# Diebold Securities (DBD:US)



## londoncalling (Sep 17, 2011)

I just learned of this stock from MOA's link on another thread. I couldn't find an existing thread here so I started this one.

http://www.myownadvisor.ca/reader-question-what-stocks-have-paid-dividends-for-generations/

Anyone have any insight into this company from a shareholder perspective? I am going to spend today doing some initial investigation but at a first 15 second glance it seems like something I would want to buy as I diversify my US exposure.

Cheers


----------



## humble_pie (Jun 7, 2009)

^^

MOA's article is a gem & a must-read even for investors who eschew dividends

but how come diebold is speaking to your heart?


----------



## treva84 (Dec 9, 2014)

londoncalling said:


> I just learned of this stock from MOA's link on another thread. I couldn't find an existing thread here so I started this one.
> 
> http://www.myownadvisor.ca/reader-question-what-stocks-have-paid-dividends-for-generations/
> 
> ...


So I don't own DBD but I decided to look into it (now, my perspective is DGI so take that with a grain of salt). Here's what I found:



> Diebold is engaged in providing integrated services and software, and security systems to primarily the financial, commercial, retail and other markets. Co. has two lines of business: Financial Self-Service and Security Solutions. The Financial Self-Service provides a line of self-service technologies and services, including automated teller machine (ATM) outsourcing, ATM security, deposit automation, recycling and payment terminals and software. The Security Solutions provides electronic security products such as camera and video surveillance; monitoring and services such as fire detection and managed access control; and physical security and facility products such as vaults and safes.


- A 31 year history of rising dividends, with current yield being 5%
- Current pay out ratio is greater than 100%
- Assets to liability ratio of 1.3
- Graham ratio (P/E x P/B) of 78
- YOY revenue and EPS down 11% / 35% respectively
- Current PE is 21; PE in last 10 years was 34 (so, ~40% lower)
- PEG is 0.3
- Currently oversold as per technical measures.

Their business seems boring and stable so it's odd that revenues are dropping - perhaps there are new competitors? I'd want to read the reports released by management to see what they provide about the explanation of the dropping revenues.

My impressions are that it's a discounted growth stock with negative earnings / negative revenues - perhaps growing pains, perhaps something more sinister (like an erosion of their moat). I suppose it would be an OK value play but I wouldn't buy it as I think their dividend is at a high risk of being cut.


----------



## londoncalling (Sep 17, 2011)

HP: 
1. It was the only one on the list I had never heard about before. I am very familiar with con ed, Stanley and the like. This was reason enough to start the thread for me.

the rest of the reasons occurred after today's investigation.

2. The business does seem boring and stable yet offer several related services
3. They seem to have been able to evolve over time. 
4. 30 years dividend growth. although very small growth the yield is high for a US name.
5. They are globally diversified.
6. They also have several related business services
7. They just made another acquisition that I believe the market thinks they over paid for.
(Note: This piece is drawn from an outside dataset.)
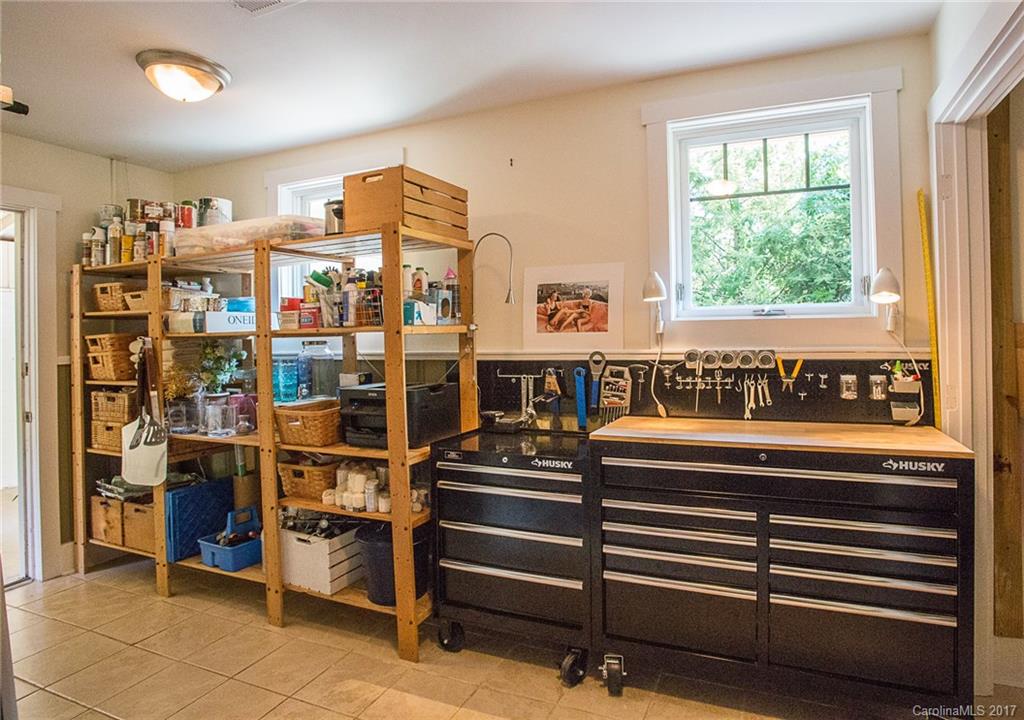 252 Lakewood Drive Asheville NC 28803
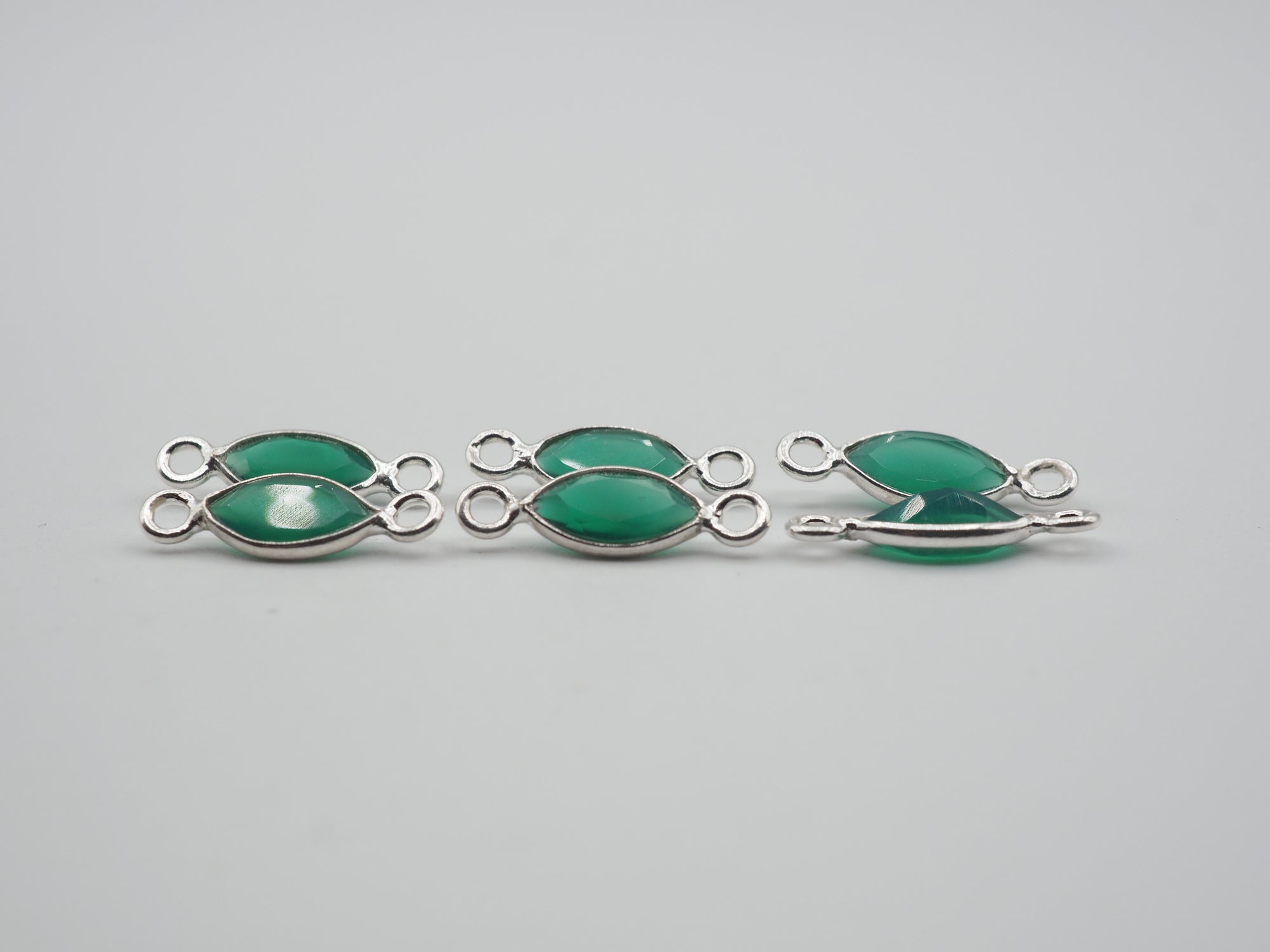 Green Onyx Silver Bezel 7x4 mm, Double Connector, Approximately 7.95 carat (GTG-SBO-1)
Short term price takes a hit. Long term may not be a huge issue.
8. Institutional ownership in the high 90s.
9. Expecting C$ to stay low for quite some time. Want to start generating more US$ dividends. Have some US$ money to deploy and don't hold a lot of US stocks.
10. Always interested in studying a new stock.

TY for the analysis treva. My research turned up a similar thesis

If I knew why revenues are dropping I would be able to determine whether or not to take a position. Hopefully it is growing pains. I don't know enough about the business yet to comment as to the causes. I don't expect a dividend cut at this time. They made it through the financial crises without doing so. If they did it would be devastating to the share price. However a payout ratio over 100% gives me huge concern. I will have to see if this has happened with this company previously. I also don't expect much in the way of dividend increases. I do feel the recent decline in SP makes it potentially attractive.(30%+).

Edit:

http://3.bp.blogspot.com/-bYiXHl2NC_k/TnY8ioBMiKI/AAAAAAAADD0/PbfiyxMWm54/s400/dpr.jpg

I believe the payout ratio was much higher than it is now in 2007 and they managed to maintain the dividend.


----------



## dotnet_nerd (Jul 1, 2009)

Diebold? You mean the company behind the rigged elections.

Here's a video demonstration:
https://www.youtube.com/watch?v=u4FPuLNjvAc

(Yes, it's Fox news, but the Princeton University professor is very credible)


----------